There is already doubt whether the investors, as lessees, can be classed as ‘owners’ of their investments. The view of Northern Powerhouse Developments (Holdings) Ltd, expressed in the notes to the 2017-18 accounts, is this: “It is the belief of the management of the group that the risks and rewards of ownership do not pass to lessees of the hotel rooms, as the group maintains control over the room operation, maintenance and insurance. In addition, the lessee receives fixed annual rental income and there is a fixed price for the group to buyback the room in the future. As such the transaction is treated as an operating lease for the group as lessor.”
In this view, the investor does not acquire the physical asset for the stated number of years, but the right to a specified quantity of income from it.
This ‘management belief’ would also mean that the physical assets could be offered for sale without the agreement of investors.

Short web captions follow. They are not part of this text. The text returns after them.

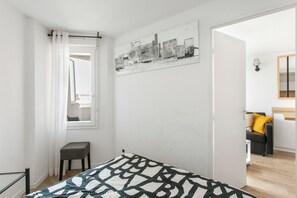 2 bedrooms, iron/ironing board, travel crib, free WiFi - F3 terrace sea view, swimming pool, parking and air conditioning (Sète)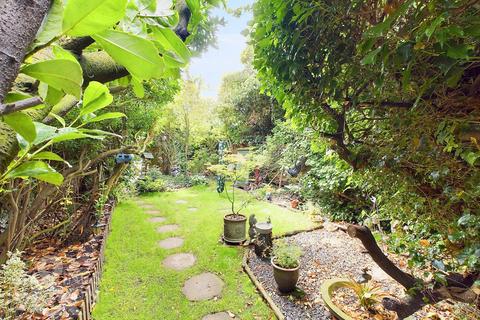 2 bed property, in The Street, £225,000
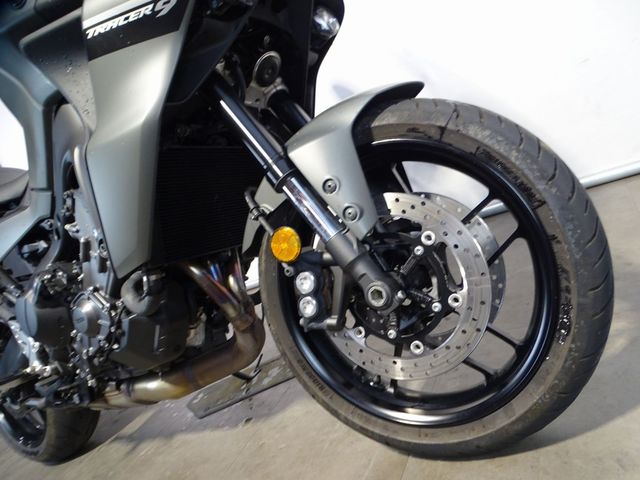 yamaha - tracer-9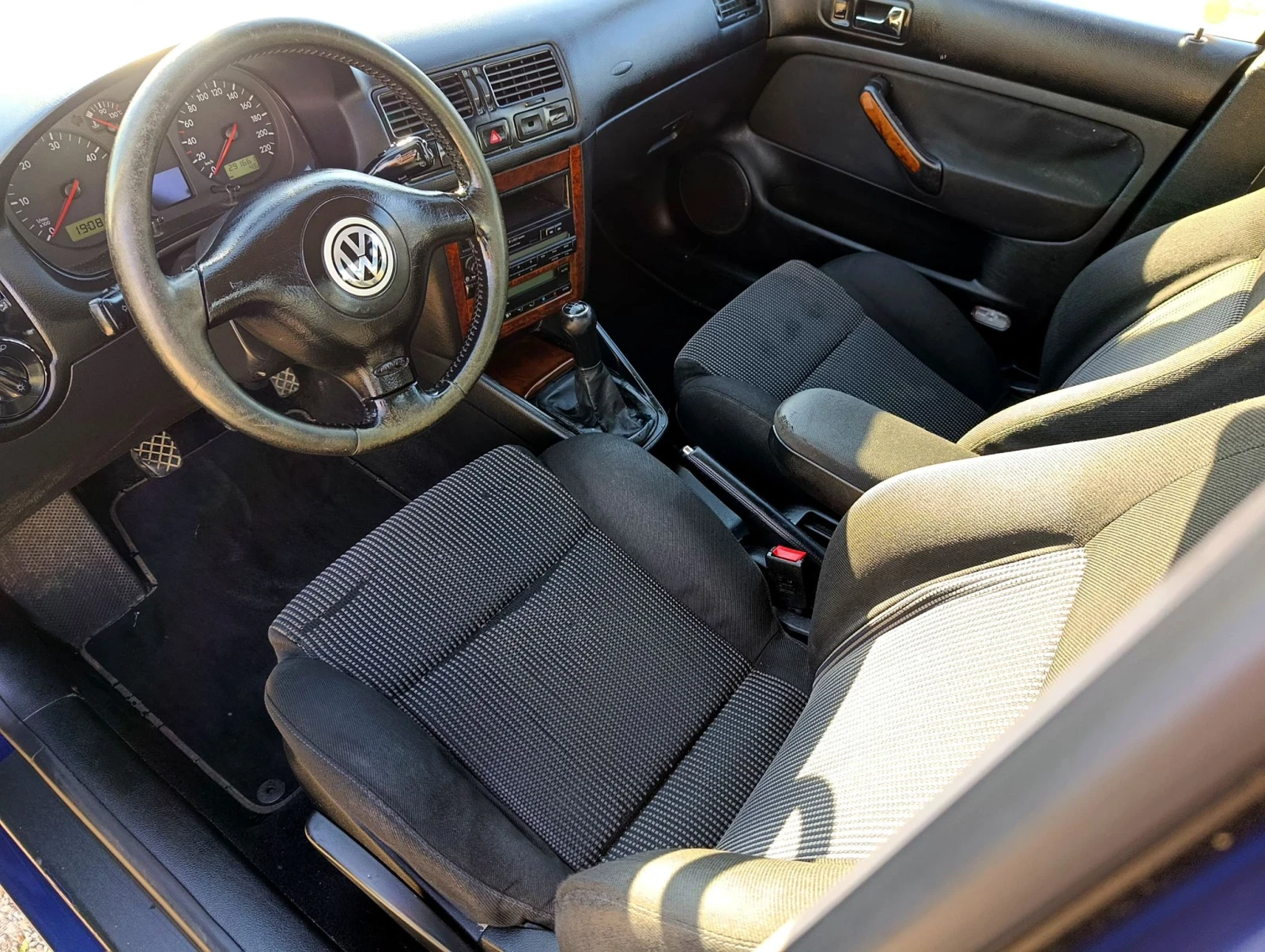 VW Bora 1, 9 TDI, снимка 6 - Автомобили и джипове - 54949200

It does seem clear that investors are down the pecking order when property is disposed of. Anyone with a secured charge on the company’s assets comes at the head of the list. In the case of Northern Powerhouse Developments (Holdings), that is Mysing Capital Ltd, which on December 6th 2018 recorded a charge over “All freehold and leasehold properties (whether registered or unregistered) and all common hold properties, now or in future (and from time to time) owned by the borrower, or in which the borrower holds an interest, and property means any of them.”
Mysing Capital Ltd is owned by Steven Turner, civil engineer Matthew John Ferguson and engineer Robert James (Rob) Coxon, the founding trio of the Castleford-based Stroma Group in 2002. Stroma provides building control and compliance services, certification for the construction industry and software to the energy and operational efficiency markets. Private equity firm LDC bought in to Stroma in 2014. LDC, Lloyds Development Capital, is a subsidiary of Lloyds Banking Group.
Investors’ prospects unclear
The dozen or so operational hotels within the Northern Powerhouse Developments (Holdings) group contributed turnover of only £6,413,624 in 2017-18, an average of about half a million pounds each. The hotels employed 422 people of the 466 in the group. The hotel workers were probably not among the highest paid, but even so could have accounted for over 80% of the £4,522,962 staff costs. The group’s ambitions to upgrade the hotels would appear to mean more staff, and therefore higher wage costs, further squeezing the possibility to pay room rents to investors.
When Northern Powerhouse Developments’ public website was online, the group’s financial model was explained like this:
“The group is funded utilising a tailored funding mechanism known as sale and lease back. The business operates an op co (operational company) prop co (property company) business model. In its most simplistic form the prop co provides individuals the opportunity to buy a room in the hotel and then rent the hotel room back to the hotel operator. This is an alternative to the residential buy-to-let market.
We sell our properties through a global network of sales agents who offer private and institutional buyers the opportunity to buy individual rooms, multiple rooms or whole developments within a given project.
Our team welcomes enquiries from agents, Financial Advisors, Fund managers, UK and overseas estate agents, wealth coaches or property networks.”
The word ‘buy’ appeared to have a conventional meaning in this publicity, and was compared with buy-to-let residential property. The language in the accounts, as highlighted above, contradicts this understanding by stating that investors are not owners. Foggy, puzzling language like this does not help investors to make sound decisions.
Currently it seems likely that investors in the hotels, and in the off-plan lodges at Afan Valley, will emerge with badly burnt pockets and depleted savings, but the adventure resort project itself lives on for another six months, at least.